1937 film directed by Joseph Santley & Eddie Donahue

Meet the Missus is a 1937 American domestic comedy film directed by Joseph Santley, using a screenplay by Jack Townley, Bert Granet, and Joel Sayre, based on an original story by Jack Goodman and Albert Rice. The movie was produced and distributed by RKO Radio Pictures, and was initially released on June 4, 1937. The film stars Victor Moore and Helen Broderick (in the fifth of their six 1936–38 films) as well as Anne Shirley.

==Plot==
Mrs. Foster loves to enter contests which she never wins. Mr. Foster is exasperated with his wife. The Happy Noodle Company is looking for Mrs. America and Emma Foster becomes a finalist. The couple go to Atlantic City for the finals. Emma never had time to do homemaker chores and during the contest she has to get her husband Otis to do the work. Other husbands were likewise frustrated with the contest and their wives.

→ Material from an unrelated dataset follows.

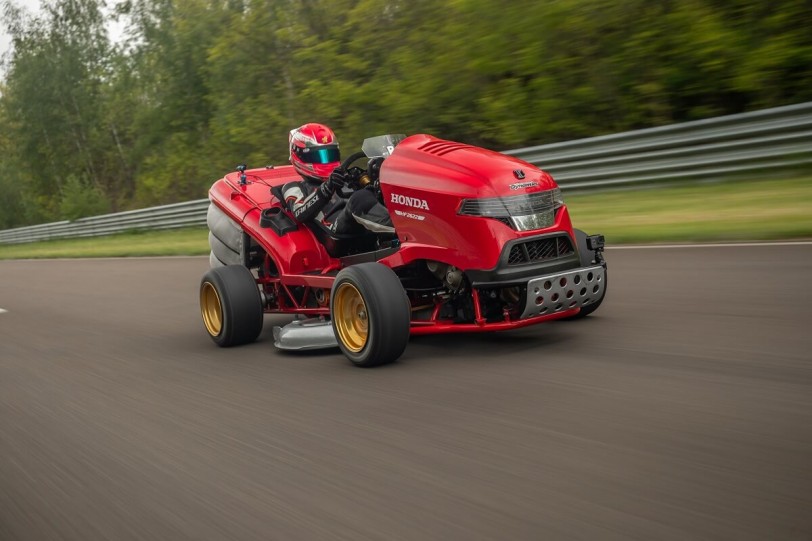 全球最速割草機！Honda Mean Mower V2打破0-160mph金氏世界紀錄(內有影片)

The wives went full force to out do the other finalists.

==Cast==
- Victor Moore as Otis Foster - Husband
- Helen Broderick as Emma Foster - Wife
- Anne Shirley as Louise Foster - Daughter
- Alan Bruce as Steve Walton
- Edward H. Robins as Gordon H. Cutting
- William Brisbane as Prentiss
- Frank M. Thomas as Barney Lott
- Ray Mayer as John White
- Ada Leonard as Princess Zarina - Stripper
- George Irving as District Attorney
- Alec Craig as College President
- Willie Best as Mose - Shoe Shine Boy
- Virginia Sale as Mrs. Moseby - Emma's Maid
- Jack Norton as Mr. Norton aka Mr. Cotton Belt

==Critical reception==
Variety described Meet the Missus as a "rather silly fable" but commented that the stars, Victor Moore and Helen Broderick were "often able" to lift the film "by the sheer force of their collective gifts."